Comvita Limited (NZSE:CVT) delivered a less impressive 11.06% ROE over the past year, compared to the 15.82% return generated by its industry. An investor may attribute an inferior ROE to a relatively inefficient performance, and whilst this can often be the case, knowing the nuts and bolts of the ROE calculation may change that perspective and give you a deeper insight into CVT’s past performance. Metrics such as financial leverage can impact the level of ROE which in turn can affect the sustainability of CVT’s returns. Let me show you what I mean by this. See our latest analysis for Comvita
Breaking down ROE — the mother of all ratios
Return on Equity (ROE) weighs Comvita’s profit against the level of its shareholders’ equity. For example, if the company invests NZ$1 in the form of equity, it will generate NZ$0.11 in earnings from this. While a higher ROE is preferred in most cases, there are several other factors we should consider before drawing any conclusions.

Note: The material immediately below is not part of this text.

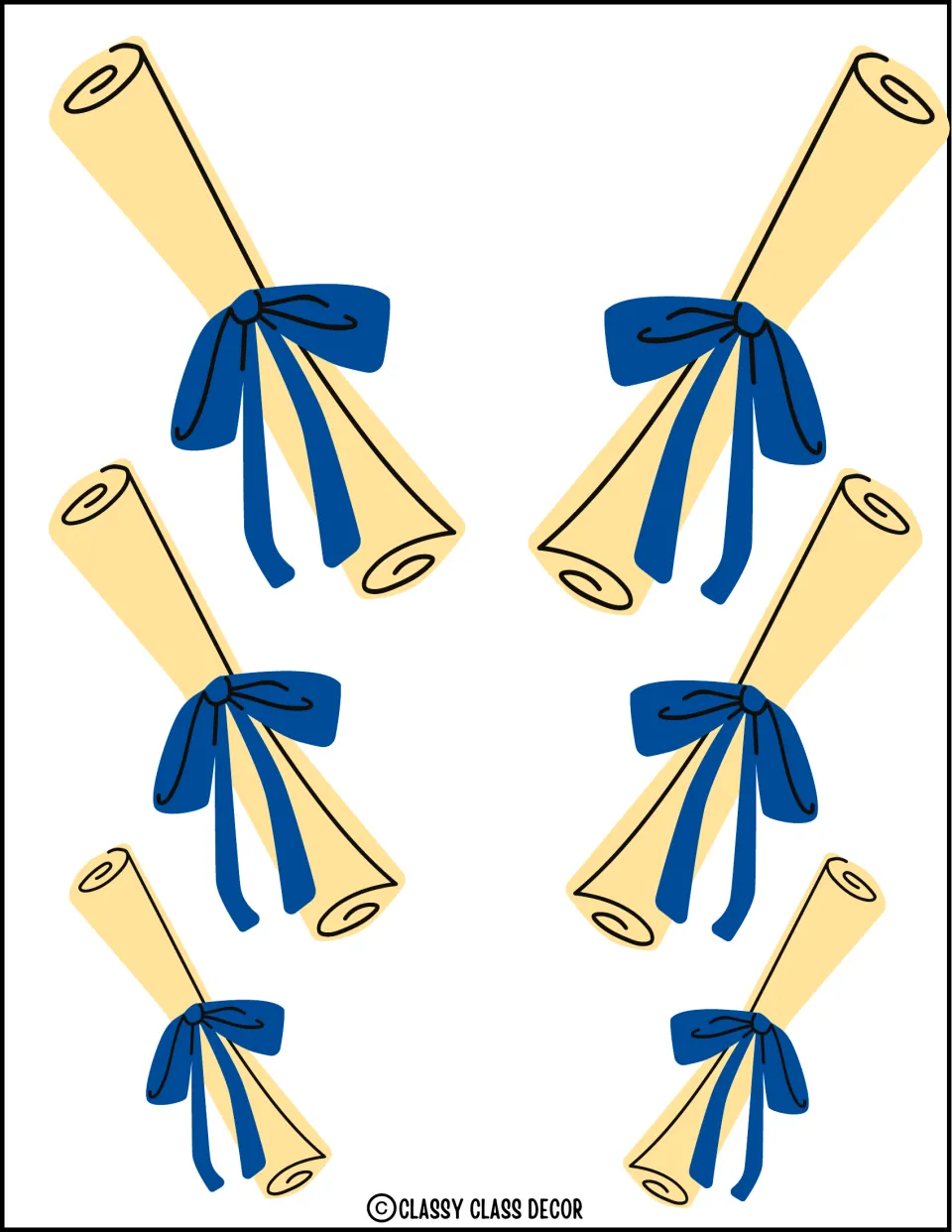 Diploma cut-outs: six rolled cream scrolls with blue bows in three sizes, facing left and right in pairs down the page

Return on Equity = Net Profit ÷ Shareholders Equity
Returns are usually compared to costs to measure the efficiency of capital. Comvita’s cost of equity is 8.55%. While Comvita’s peers may have higher ROE, it may also incur higher cost of equity. An undesirable and unsustainable practice would be if returns exceeded cost. However, this is not the case for Comvita which is encouraging. ROE can be broken down into three different ratios: net profit margin, asset turnover, and financial leverage. This is called the Dupont Formula:
Dupont Formula
ROE = profit margin × asset turnover × financial leverage
ROE = (annual net profit ÷ sales) × (sales ÷ assets) × (assets ÷ shareholders’ equity)
ROE = annual net profit ÷ shareholders’ equity
Essentially, profit margin shows how much money the company makes after paying for all its expenses. Asset turnover reveals how much revenue can be generated from Comvita’s asset base. The most interesting ratio, and reflective of sustainability of its ROE, is financial leverage. Since financial leverage can artificially inflate ROE, we need to look at how much debt Comvita currently has. At 46.72%, Comvita’s debt-to-equity ratio appears low and indicates that Comvita still has room to increase leverage and grow its profits.
Next Steps:
ROE is a simple yet informative ratio, illustrating the various components that each measure the quality of the overall stock. Even though Comvita returned below the industry average, its ROE comes in excess of its cost of equity. Its appropriate level of leverage means investors can be more confident in the sustainability of Comvita’s return with a possible increase should the company decide to increase its debt levels. Although ROE can be a useful metric, it is only a small part of diligent research.